2018-01-27T10:35:14 //:class.disk//:stat.errors//:part.devid//:op.rate
id1,sd@SATA_____ST1000DM003-1CH1____________Z1D5K89L: 0.0
id1,sd@SATA_____ST2000DM001-1ER1____________Z4Z0EQF2: 0.0
id?: 0.0
id1,sd@n5000039fe2df1c15: 0.0
id1,sd@n5000cca248e72f12: 0.0
id1,sd@n5000cca39cd93711: 0.0
id1,sd@n5000cca242c08f82: 0.0
id1,sd@n5000c50067485f33: 0.0
id1,sd@n5000cca35dea1ed5: 0.0
id1,sd@n5000039ff3f0d2f0: 0.0
id1,sd@n5000cca248e728b6: 0.0
id1,sd@n5000039ff3f0d8d9: 0.0
id1,sd@n5000cca35de9c580: 0.0
id1,sd@SATA_____WDC_WD30EFRX-68E_____WD-WCC4N7CNYH0S: 0.0
id1,sd@SATA_____SPCC_Solid_StateP1701137000000018623: 0.0
id1,sd@n50014ee26441fe70: 0.0
id1,sd@n50014ee2b951e6ae: 0.0
This is the tenth data point, and you will observe that the rate of errors in each case is 0. A quick check of zpool status shows that my zpools are fine, leaving me with one less thing to worry about.

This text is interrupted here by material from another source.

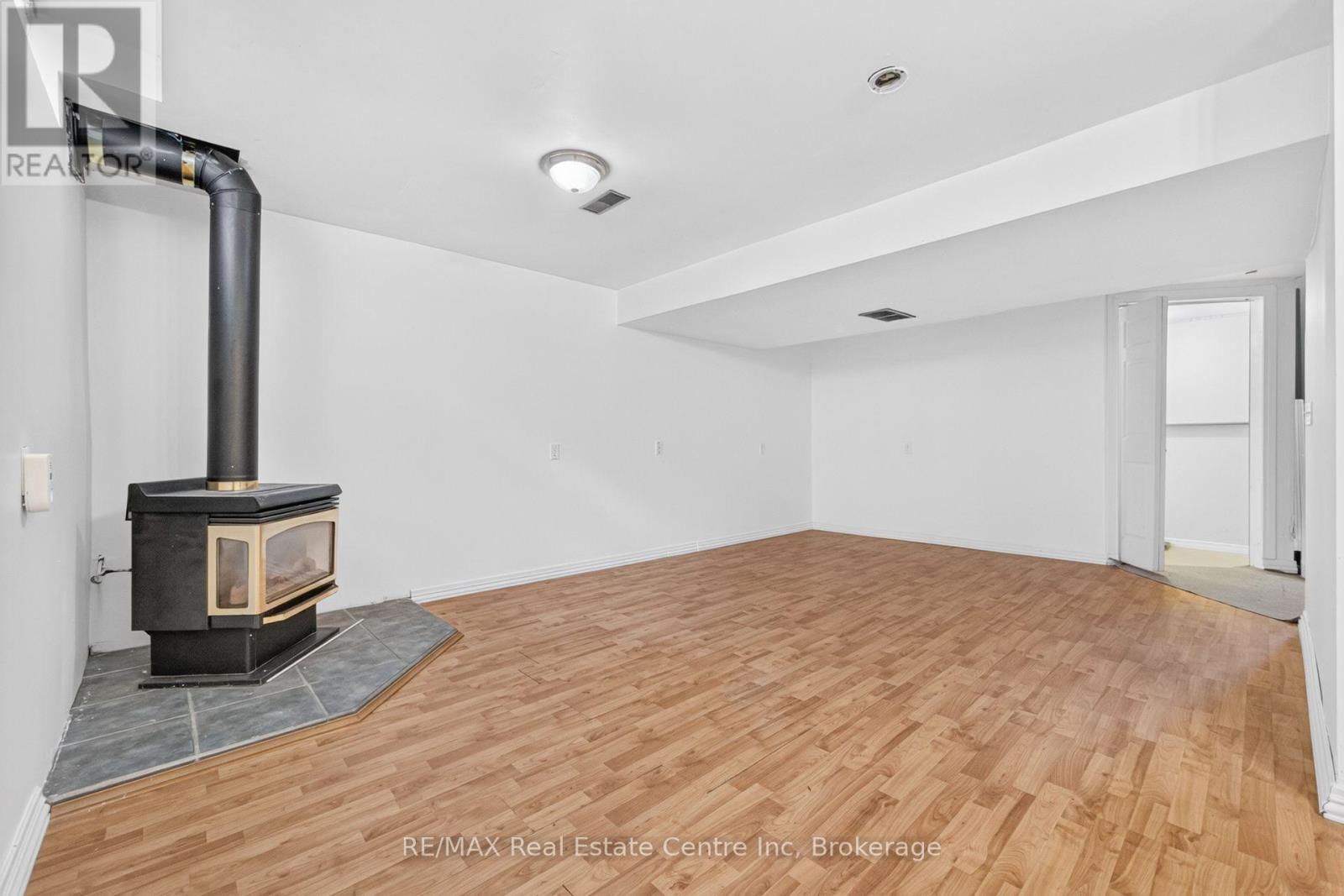 #86 129 VICTORIA ROAD N - 39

In my next post I’ll talk about how we bring this sort of information together in the WebUI. You can start exploring this yourself by uttering
# svcadm enable webui/server
and then point your browser at ‘https://127.0.0.1:6787’.
We have a manual in the Oracle Solaris 11.4 Information Library for Analytics, entitled Using Oracle® Solaris 11.4 Analytics which covers this feature in much more detail than this overview.